*** RECORDED DATA ***

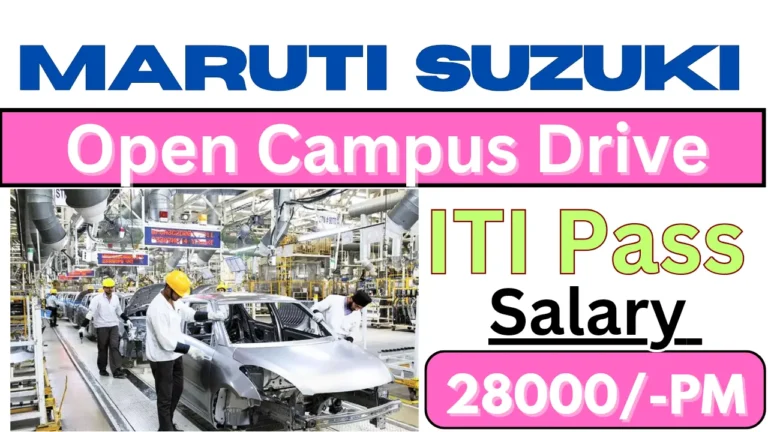 Maruti Suzuki India Campus Placement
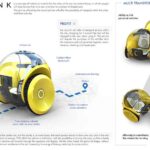 Michelin proyecto LINK
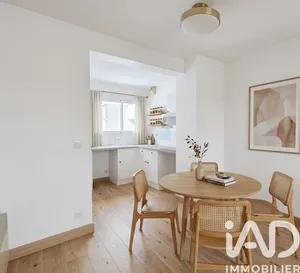 Appartement à Royan (17200)
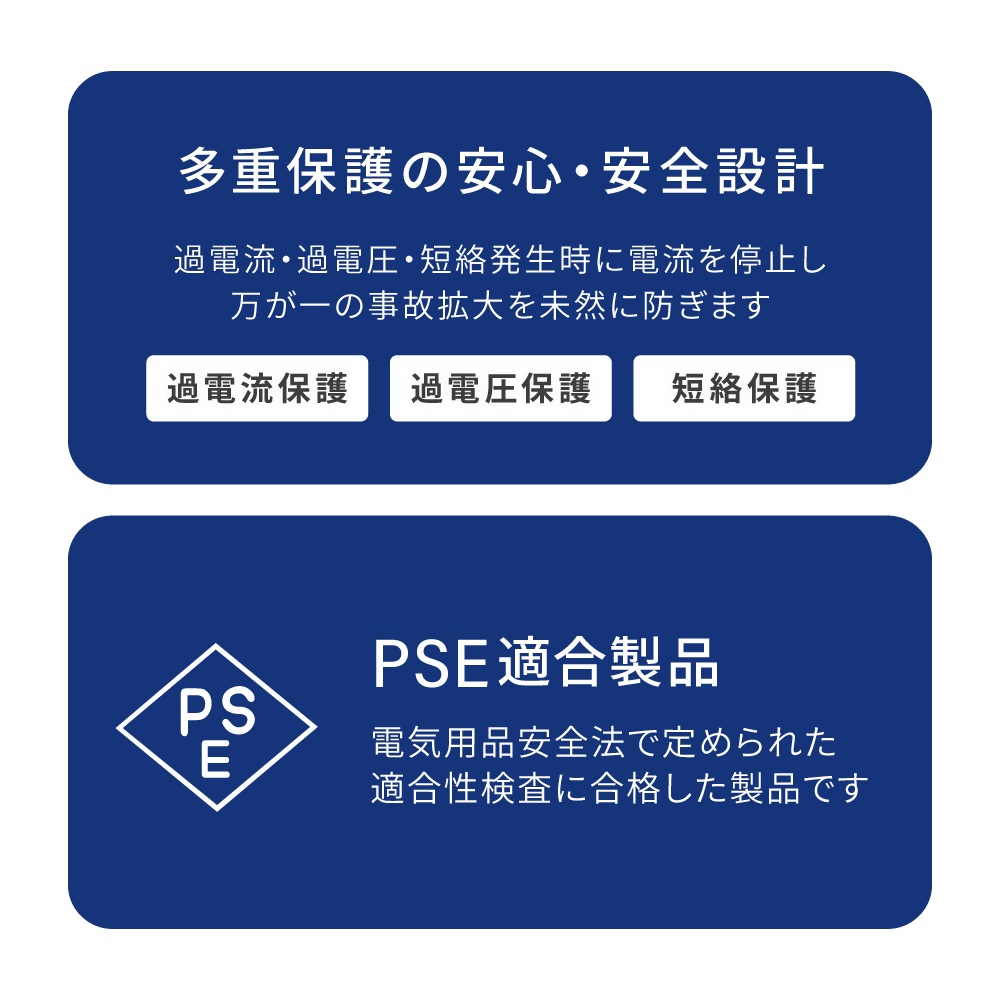 ����PD35W���� USB Type-C��1 USB Type-A��1 AC���Ŵ� OWL-APD35C1A1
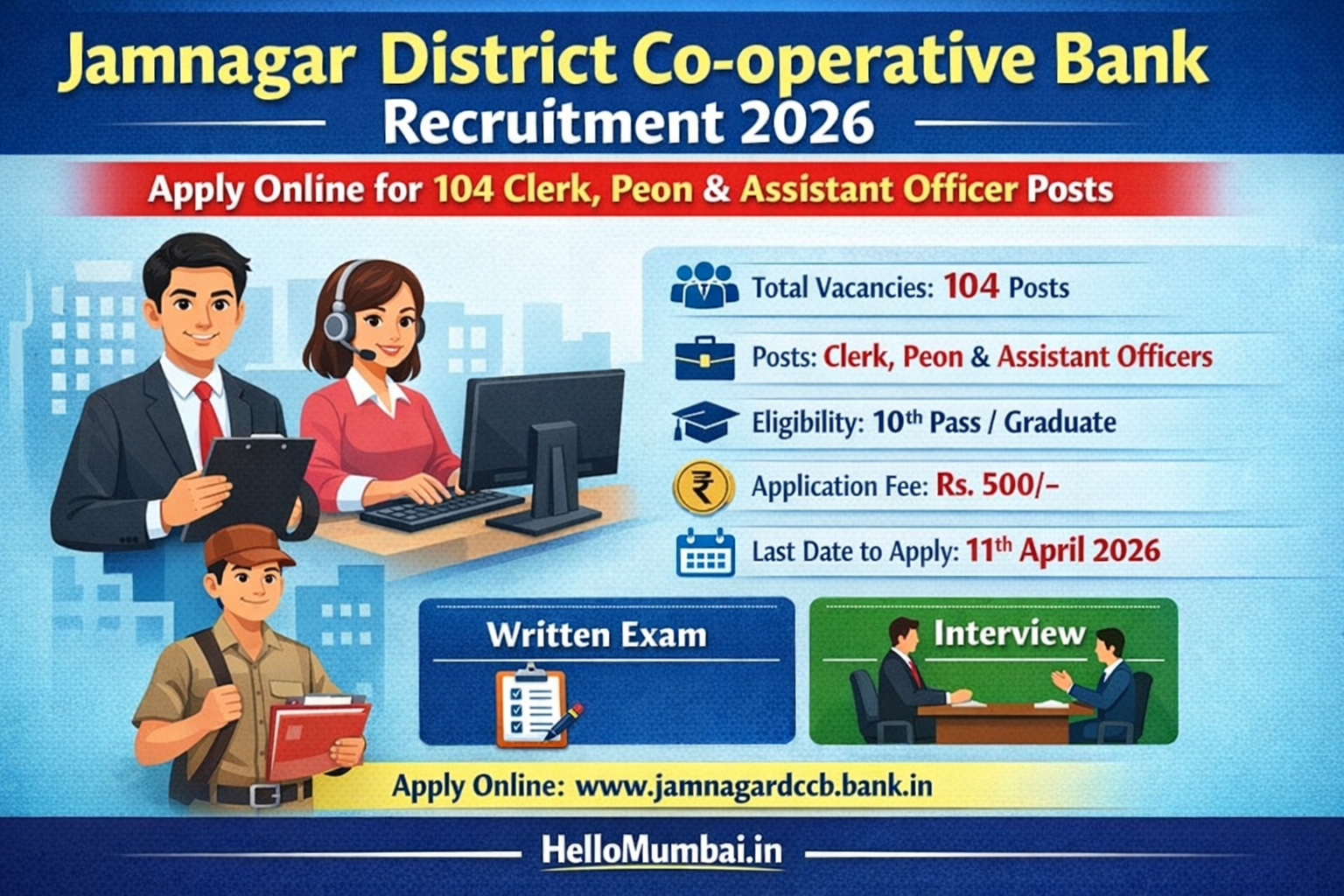 Jamnagar District Co-operative Bank Recruitment 2026 – Apply Online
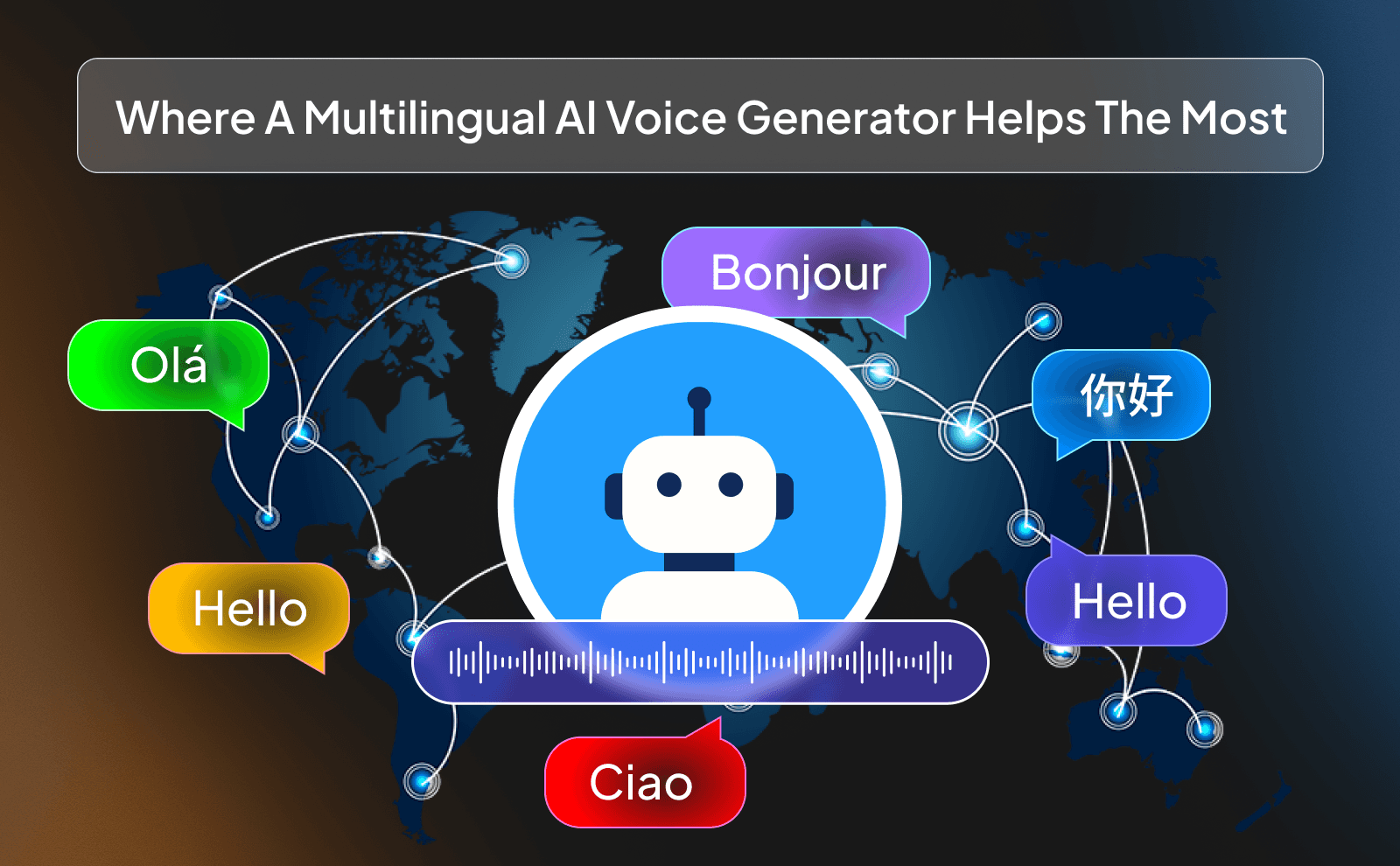 Where a multilingual AI Voice generator helps the most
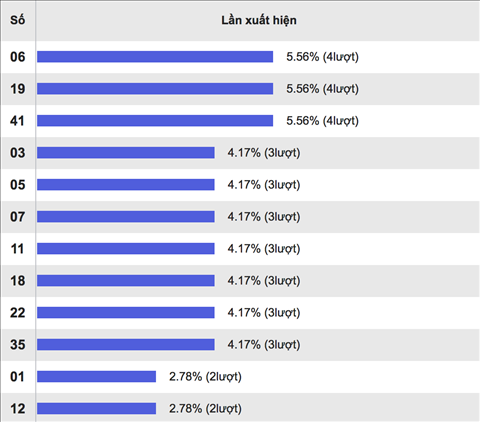 Thông kê nhiều ít Xổ số Mega 6 45 theo ngày từ 6-8-2017 đến 6-9-2017 Thông kê nhieu it Xổ số Mega 6 45 theo ngày tu 6-8-2017 den 6-9-2017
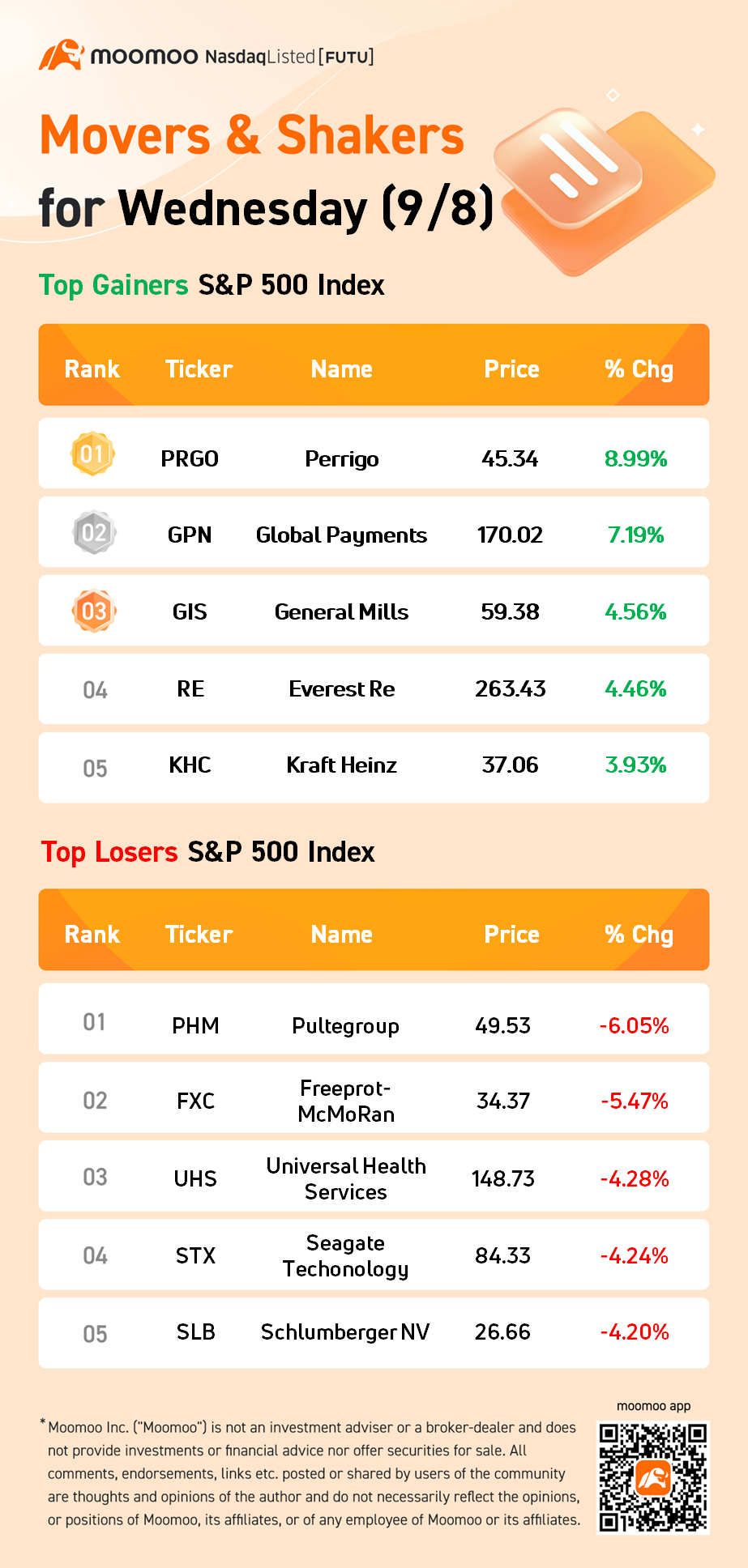 水曜日（9/8）のS＆P 500の騰落株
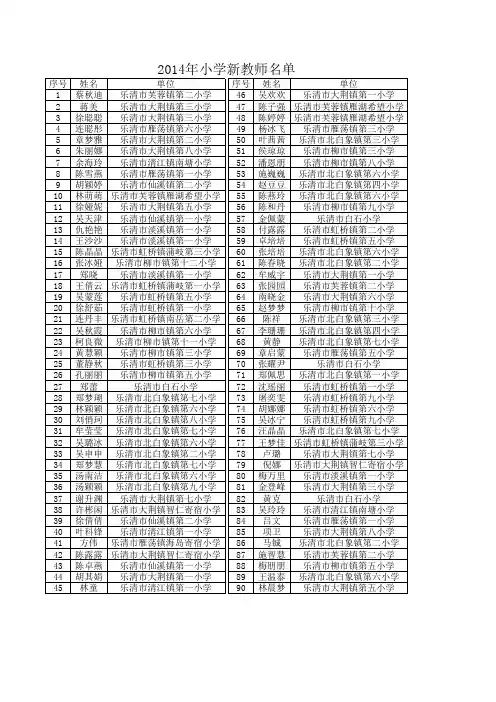 2014学年中小学、幼儿园新教师名单
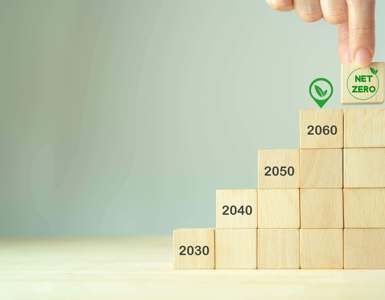 PAS 2060: Carbon Neutrality 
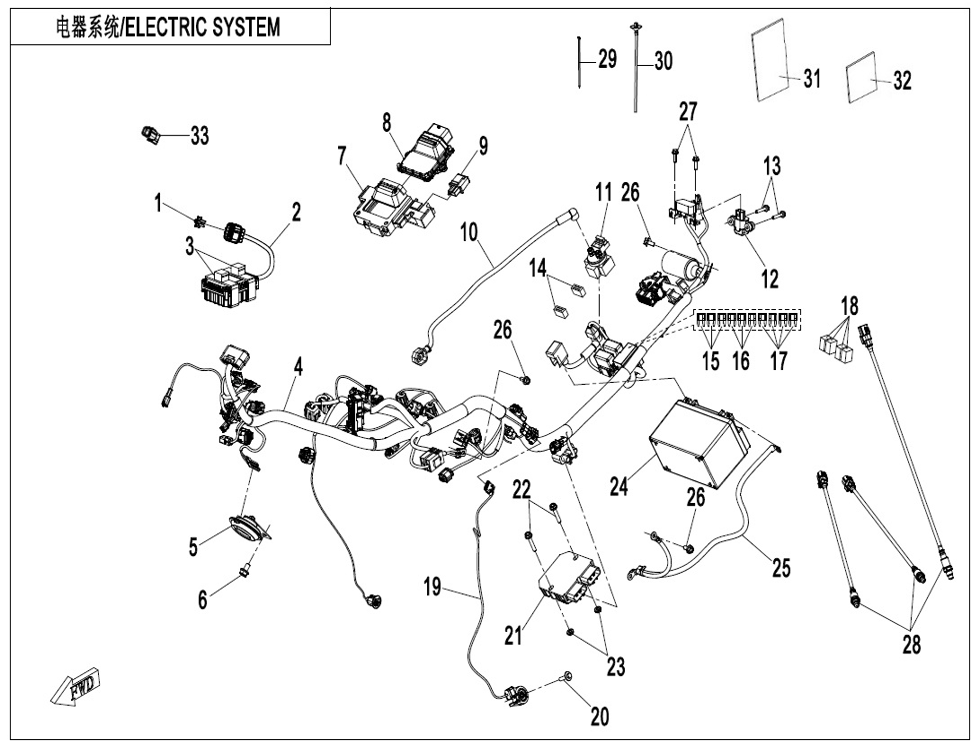 vue éclatée electric system - cfmoto cf 450 sr tc euro 5+ 2025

***

(WHAT IS NEEDED) Each record above should be retyped exactly, with no pictures carried over.

(TASK SOLUTION)
 Maruti Suzuki India Campus Placement
 Michelin proyecto LINK
 Appartement à Royan (17200)
 ����PD35W���� USB Type-C��1 USB Type-A��1 AC���Ŵ� OWL-APD35C1A1
 Jamnagar District Co-operative Bank Recruitment 2026 – Apply Online
 Where a multilingual AI Voice generator helps the most
 Thông kê nhiều ít Xổ số Mega 6 45 theo ngày từ 6-8-2017 đến 6-9-2017 Thông kê nhieu it Xổ số Mega 6 45 theo ngày tu 6-8-2017 den 6-9-2017
 水曜日（9/8）のS＆P 500の騰落株
 2014学年中小学、幼儿园新教师名单
 PAS 2060: Carbon Neutrality 
 vue éclatée electric system - cfmoto cf 450 sr tc euro 5+ 2025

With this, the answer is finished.